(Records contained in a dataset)
=== Section Start ===

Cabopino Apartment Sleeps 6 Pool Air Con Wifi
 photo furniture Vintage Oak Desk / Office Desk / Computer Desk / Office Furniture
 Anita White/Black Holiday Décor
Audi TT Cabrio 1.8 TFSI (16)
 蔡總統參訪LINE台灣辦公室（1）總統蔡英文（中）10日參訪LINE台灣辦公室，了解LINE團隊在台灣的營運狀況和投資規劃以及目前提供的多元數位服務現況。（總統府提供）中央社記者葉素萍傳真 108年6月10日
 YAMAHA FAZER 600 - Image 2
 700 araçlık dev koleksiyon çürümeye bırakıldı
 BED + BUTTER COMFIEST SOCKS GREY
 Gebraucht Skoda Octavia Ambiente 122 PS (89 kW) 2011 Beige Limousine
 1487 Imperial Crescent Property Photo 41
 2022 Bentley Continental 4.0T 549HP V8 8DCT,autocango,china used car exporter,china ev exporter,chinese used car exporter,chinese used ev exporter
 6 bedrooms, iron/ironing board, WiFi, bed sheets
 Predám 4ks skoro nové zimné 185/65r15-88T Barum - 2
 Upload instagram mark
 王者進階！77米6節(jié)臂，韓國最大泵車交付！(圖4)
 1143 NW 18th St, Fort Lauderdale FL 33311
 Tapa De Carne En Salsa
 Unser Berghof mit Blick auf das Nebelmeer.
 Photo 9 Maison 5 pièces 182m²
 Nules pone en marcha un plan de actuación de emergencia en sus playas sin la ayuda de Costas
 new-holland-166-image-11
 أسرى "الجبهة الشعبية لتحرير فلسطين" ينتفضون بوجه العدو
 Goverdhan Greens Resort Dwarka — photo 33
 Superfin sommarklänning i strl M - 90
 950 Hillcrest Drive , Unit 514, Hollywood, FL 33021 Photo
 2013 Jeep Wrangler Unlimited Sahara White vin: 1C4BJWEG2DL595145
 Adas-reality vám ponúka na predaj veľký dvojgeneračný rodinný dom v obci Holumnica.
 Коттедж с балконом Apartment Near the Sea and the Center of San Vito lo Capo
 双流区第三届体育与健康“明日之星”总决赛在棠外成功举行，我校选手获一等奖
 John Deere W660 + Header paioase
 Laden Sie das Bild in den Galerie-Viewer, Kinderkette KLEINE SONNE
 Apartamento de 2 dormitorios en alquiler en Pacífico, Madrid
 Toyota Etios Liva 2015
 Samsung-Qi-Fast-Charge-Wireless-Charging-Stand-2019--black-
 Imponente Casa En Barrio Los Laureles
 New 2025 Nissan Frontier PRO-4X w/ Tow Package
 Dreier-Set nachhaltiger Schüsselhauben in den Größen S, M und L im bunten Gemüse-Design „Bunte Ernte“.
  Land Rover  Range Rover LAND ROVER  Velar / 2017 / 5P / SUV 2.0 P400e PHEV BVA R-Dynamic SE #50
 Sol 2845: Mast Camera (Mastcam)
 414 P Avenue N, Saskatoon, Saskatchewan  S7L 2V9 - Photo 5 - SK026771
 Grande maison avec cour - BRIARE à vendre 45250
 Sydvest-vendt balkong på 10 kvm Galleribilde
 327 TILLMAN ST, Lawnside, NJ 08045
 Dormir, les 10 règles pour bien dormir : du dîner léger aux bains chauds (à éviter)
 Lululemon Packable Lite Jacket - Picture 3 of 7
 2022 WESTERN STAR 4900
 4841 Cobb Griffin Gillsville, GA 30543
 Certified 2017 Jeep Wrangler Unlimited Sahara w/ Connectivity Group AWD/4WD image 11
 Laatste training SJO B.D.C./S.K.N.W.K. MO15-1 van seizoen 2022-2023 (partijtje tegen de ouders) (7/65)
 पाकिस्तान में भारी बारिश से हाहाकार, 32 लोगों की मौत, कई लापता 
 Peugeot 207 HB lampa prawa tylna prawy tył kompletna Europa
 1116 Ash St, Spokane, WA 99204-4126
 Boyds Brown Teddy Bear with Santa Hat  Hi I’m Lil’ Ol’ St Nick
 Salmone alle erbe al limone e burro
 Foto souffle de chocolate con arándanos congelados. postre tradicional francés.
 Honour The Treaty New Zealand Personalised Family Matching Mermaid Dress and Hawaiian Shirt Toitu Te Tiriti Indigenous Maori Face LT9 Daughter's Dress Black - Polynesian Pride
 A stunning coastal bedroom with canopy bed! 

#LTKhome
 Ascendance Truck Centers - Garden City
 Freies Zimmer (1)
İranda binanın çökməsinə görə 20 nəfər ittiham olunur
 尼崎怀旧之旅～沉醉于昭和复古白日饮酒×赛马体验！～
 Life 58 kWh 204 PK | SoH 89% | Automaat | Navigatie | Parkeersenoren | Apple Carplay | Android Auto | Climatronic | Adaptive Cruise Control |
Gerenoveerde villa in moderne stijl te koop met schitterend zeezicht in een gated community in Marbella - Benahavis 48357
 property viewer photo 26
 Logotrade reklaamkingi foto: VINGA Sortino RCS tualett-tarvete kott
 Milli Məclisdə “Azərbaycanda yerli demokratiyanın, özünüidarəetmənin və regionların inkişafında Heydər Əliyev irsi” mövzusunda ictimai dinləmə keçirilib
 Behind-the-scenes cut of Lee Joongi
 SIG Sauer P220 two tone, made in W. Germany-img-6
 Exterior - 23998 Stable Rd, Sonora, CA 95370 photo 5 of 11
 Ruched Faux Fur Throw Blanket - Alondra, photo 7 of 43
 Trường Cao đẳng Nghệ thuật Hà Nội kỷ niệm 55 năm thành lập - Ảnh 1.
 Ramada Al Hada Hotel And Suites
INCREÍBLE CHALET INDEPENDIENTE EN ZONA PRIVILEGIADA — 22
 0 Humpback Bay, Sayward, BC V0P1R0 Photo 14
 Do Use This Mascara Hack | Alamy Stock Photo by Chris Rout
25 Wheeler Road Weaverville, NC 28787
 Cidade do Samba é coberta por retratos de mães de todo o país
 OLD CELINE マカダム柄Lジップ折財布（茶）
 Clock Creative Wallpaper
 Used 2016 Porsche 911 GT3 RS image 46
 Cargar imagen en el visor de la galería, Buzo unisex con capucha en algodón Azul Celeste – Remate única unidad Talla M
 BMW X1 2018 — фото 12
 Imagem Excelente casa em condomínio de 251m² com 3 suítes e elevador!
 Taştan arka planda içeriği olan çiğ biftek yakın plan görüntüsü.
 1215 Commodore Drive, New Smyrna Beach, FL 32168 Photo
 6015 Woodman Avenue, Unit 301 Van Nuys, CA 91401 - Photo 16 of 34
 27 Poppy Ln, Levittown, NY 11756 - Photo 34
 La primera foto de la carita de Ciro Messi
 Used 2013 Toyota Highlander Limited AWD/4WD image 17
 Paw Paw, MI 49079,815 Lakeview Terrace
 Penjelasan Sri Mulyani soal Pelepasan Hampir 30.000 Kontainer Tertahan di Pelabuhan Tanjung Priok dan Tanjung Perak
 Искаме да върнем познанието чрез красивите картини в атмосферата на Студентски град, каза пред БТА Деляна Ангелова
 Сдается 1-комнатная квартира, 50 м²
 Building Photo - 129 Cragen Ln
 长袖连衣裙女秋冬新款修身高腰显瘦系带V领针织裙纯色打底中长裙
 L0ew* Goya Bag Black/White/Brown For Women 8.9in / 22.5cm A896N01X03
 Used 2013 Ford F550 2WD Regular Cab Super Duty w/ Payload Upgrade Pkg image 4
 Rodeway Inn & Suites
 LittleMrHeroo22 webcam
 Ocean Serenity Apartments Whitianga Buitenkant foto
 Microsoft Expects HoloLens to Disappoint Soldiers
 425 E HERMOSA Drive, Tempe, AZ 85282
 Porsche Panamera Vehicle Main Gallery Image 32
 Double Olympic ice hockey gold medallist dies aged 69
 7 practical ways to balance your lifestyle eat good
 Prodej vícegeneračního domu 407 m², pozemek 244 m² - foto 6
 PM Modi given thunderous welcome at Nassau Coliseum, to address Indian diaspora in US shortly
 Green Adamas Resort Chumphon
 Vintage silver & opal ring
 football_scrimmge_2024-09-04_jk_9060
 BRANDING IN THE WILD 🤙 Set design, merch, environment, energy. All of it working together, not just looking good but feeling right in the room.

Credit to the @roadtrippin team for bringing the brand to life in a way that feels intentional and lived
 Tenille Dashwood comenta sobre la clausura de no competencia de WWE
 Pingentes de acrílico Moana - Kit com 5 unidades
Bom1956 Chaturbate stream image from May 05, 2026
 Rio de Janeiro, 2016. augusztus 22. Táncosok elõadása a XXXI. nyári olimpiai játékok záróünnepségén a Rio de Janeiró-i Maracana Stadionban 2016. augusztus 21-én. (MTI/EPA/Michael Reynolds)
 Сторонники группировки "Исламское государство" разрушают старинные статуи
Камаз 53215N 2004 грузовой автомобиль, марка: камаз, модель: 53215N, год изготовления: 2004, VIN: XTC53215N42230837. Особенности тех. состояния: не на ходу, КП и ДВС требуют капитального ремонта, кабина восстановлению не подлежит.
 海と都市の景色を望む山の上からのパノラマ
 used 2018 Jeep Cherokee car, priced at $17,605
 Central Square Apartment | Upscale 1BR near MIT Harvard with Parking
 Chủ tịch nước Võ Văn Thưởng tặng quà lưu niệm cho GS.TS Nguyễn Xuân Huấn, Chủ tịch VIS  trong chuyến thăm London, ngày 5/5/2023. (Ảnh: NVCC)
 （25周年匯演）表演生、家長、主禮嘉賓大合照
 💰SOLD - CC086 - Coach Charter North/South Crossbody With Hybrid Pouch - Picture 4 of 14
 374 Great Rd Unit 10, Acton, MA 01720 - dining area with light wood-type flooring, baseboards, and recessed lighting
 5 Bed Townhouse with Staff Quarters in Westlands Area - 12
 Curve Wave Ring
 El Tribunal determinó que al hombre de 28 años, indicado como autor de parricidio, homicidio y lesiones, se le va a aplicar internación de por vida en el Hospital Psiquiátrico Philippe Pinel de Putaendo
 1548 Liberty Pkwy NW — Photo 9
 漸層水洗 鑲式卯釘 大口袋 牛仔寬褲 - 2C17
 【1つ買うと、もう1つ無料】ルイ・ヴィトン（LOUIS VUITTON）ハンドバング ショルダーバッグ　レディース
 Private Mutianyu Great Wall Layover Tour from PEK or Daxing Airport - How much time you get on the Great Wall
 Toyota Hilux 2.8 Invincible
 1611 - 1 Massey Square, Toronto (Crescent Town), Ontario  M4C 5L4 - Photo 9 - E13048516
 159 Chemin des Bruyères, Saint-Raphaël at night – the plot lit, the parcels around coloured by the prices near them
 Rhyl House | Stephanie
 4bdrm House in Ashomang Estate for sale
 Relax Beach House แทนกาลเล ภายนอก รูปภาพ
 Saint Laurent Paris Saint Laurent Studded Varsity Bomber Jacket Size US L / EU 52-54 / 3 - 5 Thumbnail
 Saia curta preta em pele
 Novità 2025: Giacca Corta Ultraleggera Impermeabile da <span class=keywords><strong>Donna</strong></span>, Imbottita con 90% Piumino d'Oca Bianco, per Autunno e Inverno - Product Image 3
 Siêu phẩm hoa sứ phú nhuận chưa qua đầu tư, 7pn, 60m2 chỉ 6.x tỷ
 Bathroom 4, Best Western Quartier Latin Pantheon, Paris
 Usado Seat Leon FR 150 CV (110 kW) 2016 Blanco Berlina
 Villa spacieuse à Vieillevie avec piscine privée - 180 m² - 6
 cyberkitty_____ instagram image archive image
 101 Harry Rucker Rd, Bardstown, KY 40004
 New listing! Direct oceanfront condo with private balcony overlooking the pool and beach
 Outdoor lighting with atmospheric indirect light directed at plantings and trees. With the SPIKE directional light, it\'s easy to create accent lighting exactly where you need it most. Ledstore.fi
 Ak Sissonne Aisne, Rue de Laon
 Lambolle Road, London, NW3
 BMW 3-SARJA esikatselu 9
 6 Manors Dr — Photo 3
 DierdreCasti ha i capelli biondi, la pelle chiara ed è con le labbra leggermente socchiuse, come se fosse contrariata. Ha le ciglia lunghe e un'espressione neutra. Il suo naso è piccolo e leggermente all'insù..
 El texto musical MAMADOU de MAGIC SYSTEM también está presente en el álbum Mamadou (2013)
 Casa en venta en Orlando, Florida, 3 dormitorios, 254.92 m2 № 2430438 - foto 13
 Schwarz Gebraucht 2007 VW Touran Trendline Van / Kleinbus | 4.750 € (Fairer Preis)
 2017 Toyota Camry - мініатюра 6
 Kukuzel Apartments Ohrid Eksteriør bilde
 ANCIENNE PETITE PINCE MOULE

=== Section End ===

**About this exercise:** Could you write out, exactly as they stand, only the lines above that begin at the line with "PM Modi given" and stop after the line with "football_scrimmge_2024-09-04_jk_9060"?

**Worked solution:**
 PM Modi given thunderous welcome at Nassau Coliseum, to address Indian diaspora in US shortly
 Green Adamas Resort Chumphon
 Vintage silver & opal ring
 football_scrimmge_2024-09-04_jk_9060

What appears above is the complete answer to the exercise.